Schon das dritte Mal in dreieinhalb Wochen ist der Wolf in die Damwild-Herde eingedrungen. Das erste Mal, Mitte März, tötete er zwei Tiere, das zweite Mal, am Dienstag vergangener Woche, ein Tier. Beide Male hat er sich unter dem Drahtzaun hindurchgegraben. Wie er es diesmal geschafft hat? Claus Fröde zuckt mit den Schultern. „Das weiß keiner“, sagt er. Das Gehege ist ein paar Hektar groß. Der zwei Meter hohe Wildzaun, der es umgibt, ist lang. „Ich muss mir jetzt ein Angebot für einen Elektrozaun machen lassen, das wird wohl nicht anders werden“, murmelt Claus Fröde. Er sieht immer wieder nach dem verletzten Tier. Er wird es dann gleich von seinem Leiden erlösen. Der Großdrebnitzer züchtet seit rund 15 Jahren Dammwild im Nebenerwerb und verkauft das Fleisch ab Hof. Den wirtschaftlichen Schaden der bisherigen Wolfsrisse schätzt er auf zweieinhalbtausend Euro.

Lange Zeit herrschte Ruhe

Mehr als ein Jahr war es ruhig um die Wölfe im Bischofswerdaer Raum.

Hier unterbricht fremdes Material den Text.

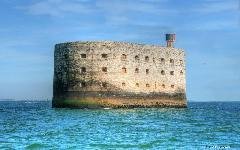 Fort bauar240x320s40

Die letzten vom Wolfsbüro Lupos dokumentierten Fälle, wo südlich der Stadt Tiere von Wölfen gerissen worden sind, liegen anderthalb Jahre zurück. Im Herbst 2013 hatte es mehrere Übergriffe des Räubers auf Schafe in Großdrebnitz, Putzkau und Rückersdorf, aber auch in Frankenthal gegeben. Erfahrene Jäger wie Andreas Wunde aus Putzkau vermuten, dass der Wolf nach Großdrebnitz bald zurückkehren wird. „Tiere im Gatter, die dort nicht ausbrechen können, sind für ihn eine leichte Beute“, sagt er.

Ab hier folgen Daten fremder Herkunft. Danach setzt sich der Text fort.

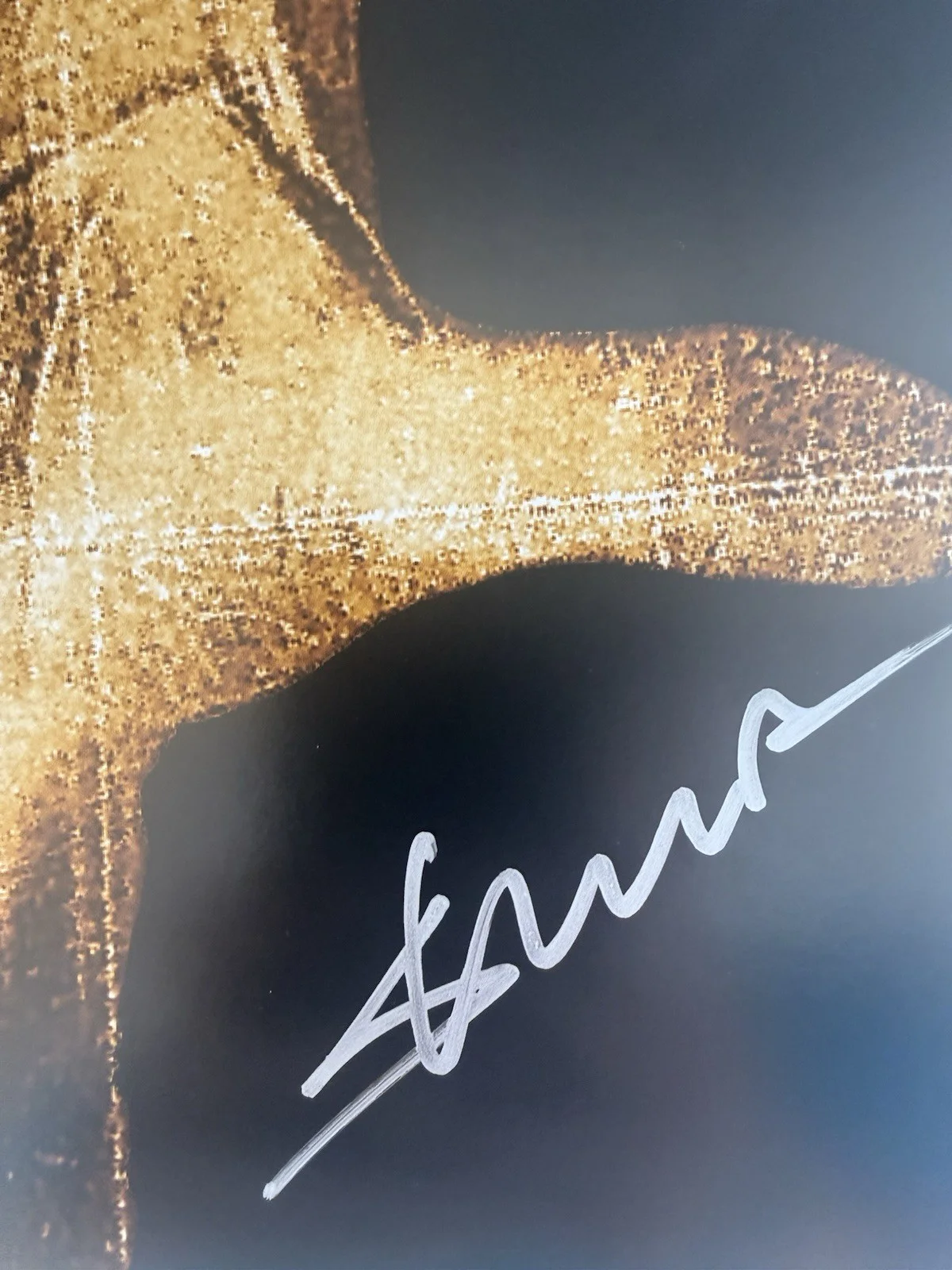 System of a Down Signed, Autographed, image 4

In der Vergangenheit hatte Andreas Wunde wiederholt Wolfsspuren am Rüdenberg entdeckt. „Seit längerer Zeit ist Ruhe. Auch im Winter waren keine Wolfsfährten zu sehen“, sagt er. Auch das Rudel im Hohwald gibt es offenbar nicht mehr. Derzeit ist nur noch ein Tier nachgewiesen. „Wir betreiben drei Fotofallen, wo wir immer wieder Aufnahmen bekommen. Die letzten stammen vom Januar 2015 und aus dem November vergangenen Jahres“, sagt Detlef Uhlig, Wolfsbeauftragter im Nachbarlandkreis Sächsische Schweiz/Osterzgebirge. Vermutet wird, dass der Wolf oder die Wölfe, die in Großdrebnitz wüten, streunende Tiere sind, die zu keinem Rudel gehören. Dass der Räuber sein Domizil im Rüdenberggebiet hat, hält Revierförster Mike Metka für unwahrscheinlich. „Das Rüdenberggebiet wäre für den Wolf viel zu klein“ sagt er. Eher könnte es sich schon um den Wolf aus dem Hohwald handeln. Für diese Tiere ist es kein Problem, größere Wegstrecken zurückzulegen. Doch erwiesen ist das nicht.

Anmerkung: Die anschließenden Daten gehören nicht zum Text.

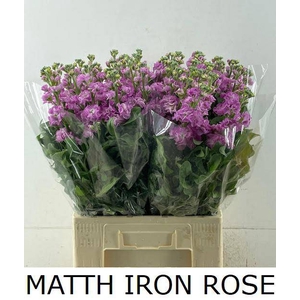 MATTH IRON ROSE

Noch keine Antwort vom Amt

Wildzüchter Claus Fröde hat inzwischen die ersten Anträge geschrieben, damit er für seinen Verlust entschädigt wird. Eine Antwort vom Amt gibt es noch nicht, sagt er. Da sein Wildgatter mit einem circa zwei Meter hohen Zaun gesichert ist, hat er Anspruch auf Entschädigung. Doch auch um zu verhindern, dass sich Wölfe unterm Zaun durchgraben, können Tierhalter Vorkehrungen treffen, sagt Helene Möslinger vom Wolfsbüro Lupos. Metallzäune etwa sollten auch ein Stück in die Erde gelassen werden, rät sie. Wo das nicht möglich ist, könnten auch stromführende Kabel unmittelbar vor dem Zaun den Wolf vom Graben abhalten. Wieviele Wölfe es tatsächlich in der Region gibt, können auch die Wolfsschützer nicht mit Sicherheit sagen. „Gerade deshalb freuen wir uns über jeden Hinweis von Leuten, die einen Wolf gesehen haben“, sagt Helene Möslinger.